Is it okay for me to use tools outside the container? I have been informed to only use the container when working on LDMX.
The container is focused on being a well-defined and well-tested environment for ldmx-sw, but it may not be able to accomodate every aspect of your workflow. For example, my specific workflow can be outlined with the following commands (not a tutorial, just an outline for explanatory purposes):
ldmx cmake .. # configure ldmx-sw build
ldmx make install # build and install ldmx-sw
ldmx fire sim.py # run a simulation
rootbrowse sim_output.root #look at simulation file with local ROOT build **outside the container**
ldmx fire analysis.py sim_output.root #analyze the simulation file
python pretty_plotter.py histogram.root #make PDFs from ROOT histograms generated by analysis.py
As you can see, I switch between inside the container and outside the container and I can do this because I have an install of ROOT outside the container. Key point: For what I am doing which is simply looking at ROOT files and plotting ROOT histograms, my ROOT install does not need to match the ROOT inside the container. I think using both the container and a local installation of ROOT is a very powerful combination. This allows for you to use ROOT's TBrowser or TTreeViewer to debug files while using the container to actually build and run ldmx-sw. Another workflow that follows a similar protocol is a python-based analysis.
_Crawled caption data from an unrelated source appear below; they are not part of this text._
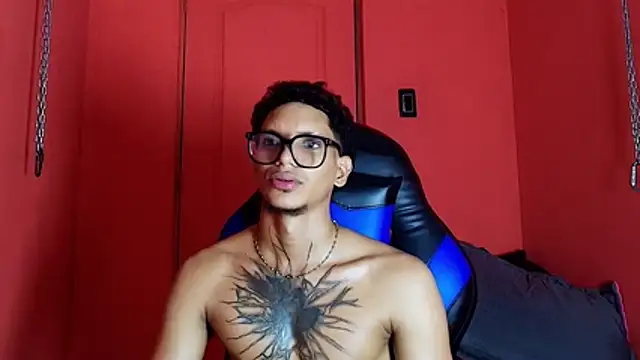 Czat XXX na żywo – kai_storm77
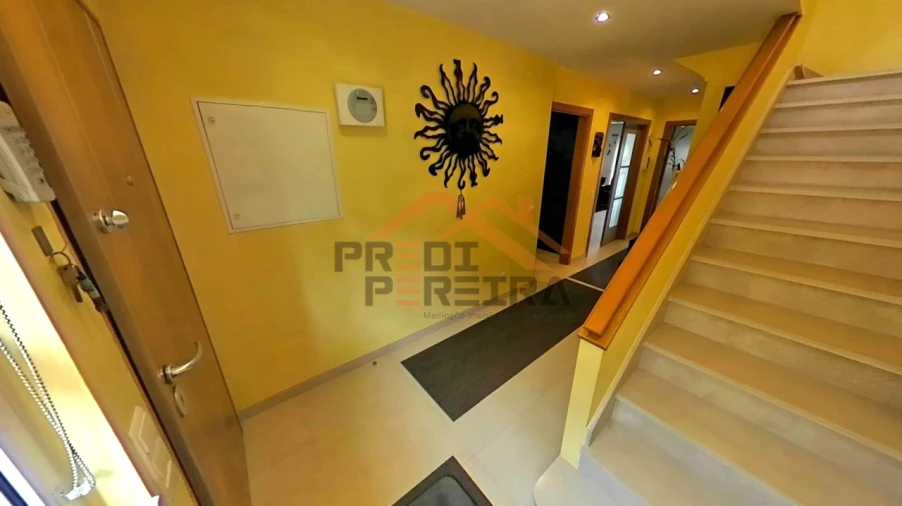 Moradia T4 para Venda em Ramada e Caneças Foto 24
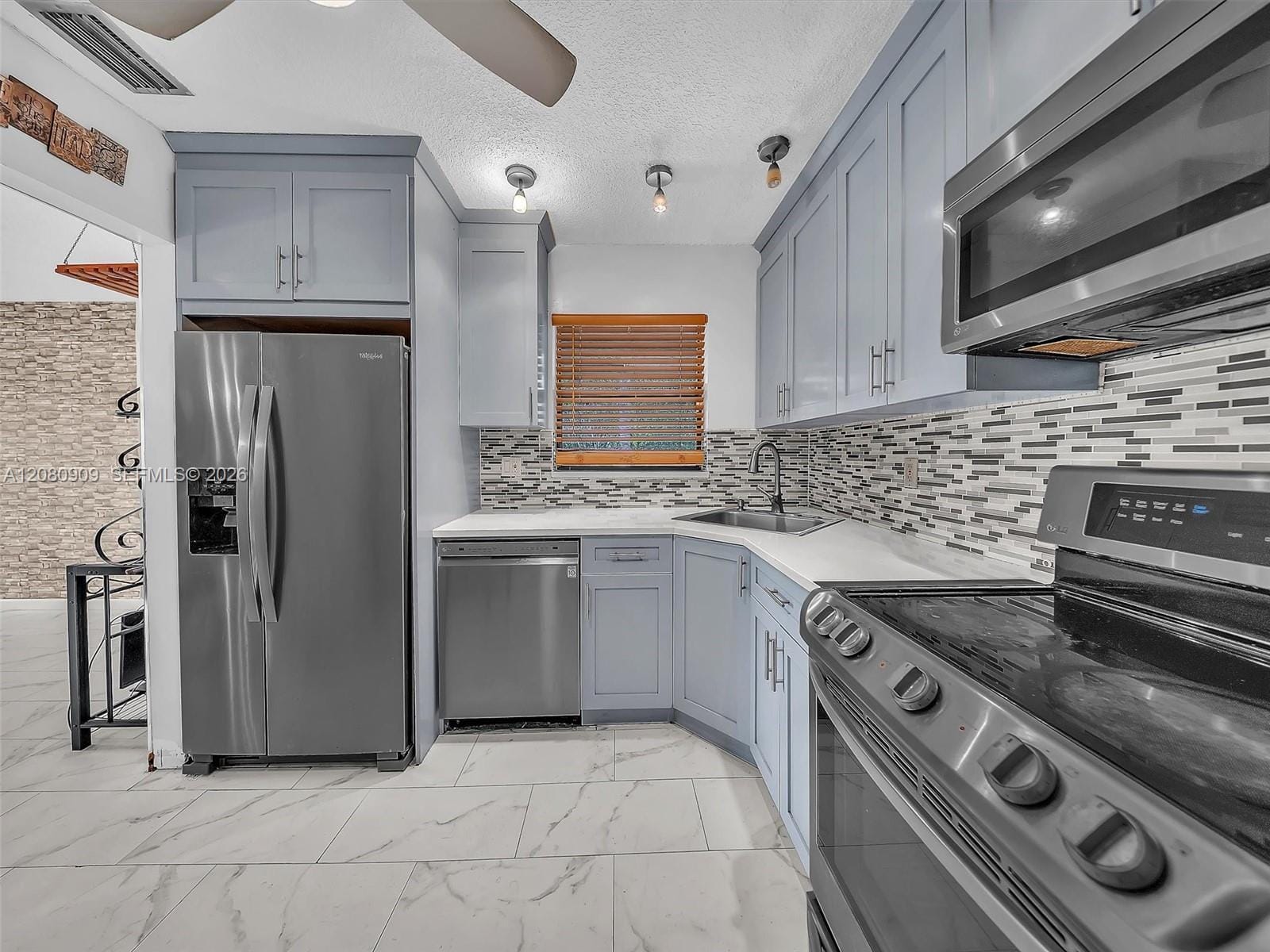 3482 NW 47th Avenue 3121 — photo 12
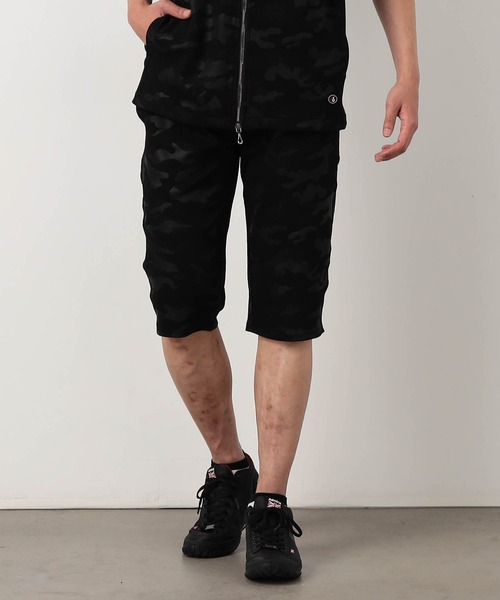 NICOLE CLUB FOR MEN(ニコルクラブフォーメン)の「【NICOLE SPORTS】エンボス柄ハーフパンツ(その他パンツ・メンズ・ホワイト系2/ホワイト系1/ホワイト/ブラック系1/ブラック系2/その他2/その他3/ブラック・X-LARGE/LARGE/MEDIUM/SMALL/M/XL/S/L)」の4枚目の写真
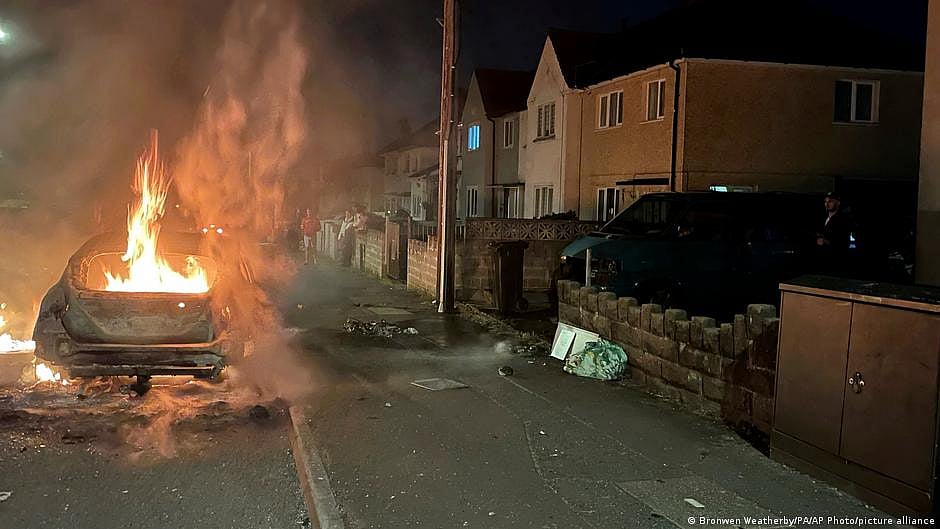 Cars set alight in Wales amid unrest over fatal crash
ldmx cmake .. # configure ldmx-sw build
ldmx make install # build and install ldmx-sw
ldmx fire sim.py # run a simulation
rootbrowse sim_output.root #look at simulation file with local ROOT build **outside the container**
ldmx python analysis.py sim_output.root #analyze the simulation file and produce PDF/PNG images of histograms
Notice that the analysis.py
script, even though it is not being run through fire, is still run inside of the container. This is because the python-based analysis needs access to the ROOT dictionary for ldmx-sw which was generated by the container. This is the only reason for analysis.py to be run inside the container. If the sim_output.root
file only has (for example) ntuples in it, then you could run your analysis outside the container because you don't need access to the ldmx-sw dictionary.
python analysis.py sim_output.root #this analysis uses the local ROOT install and does not need the ldmx-sw ROOT dictionary
Conclusion: The absolutely general protocol still uses an installation of ROOT that is outside of the container. You do not need installations of the other ldmx-sw dependencies and your installation of ROOT does not need to match the one inside of the container.
On macOS, I get a 'invalid developer path' error when trying to use git
.
git
.On recent versions of the mac operating system, you need to re-install command line tools. This stackexchange question outlines a simple solution.
On macOS, I get a failure when I try to run the docker containers.
The default terminal on macOS is tcsh
, but the environment setup script assumes that you are using bash
. You should look at this article for how to change your default shell to bash
so that the ldmx environment script works.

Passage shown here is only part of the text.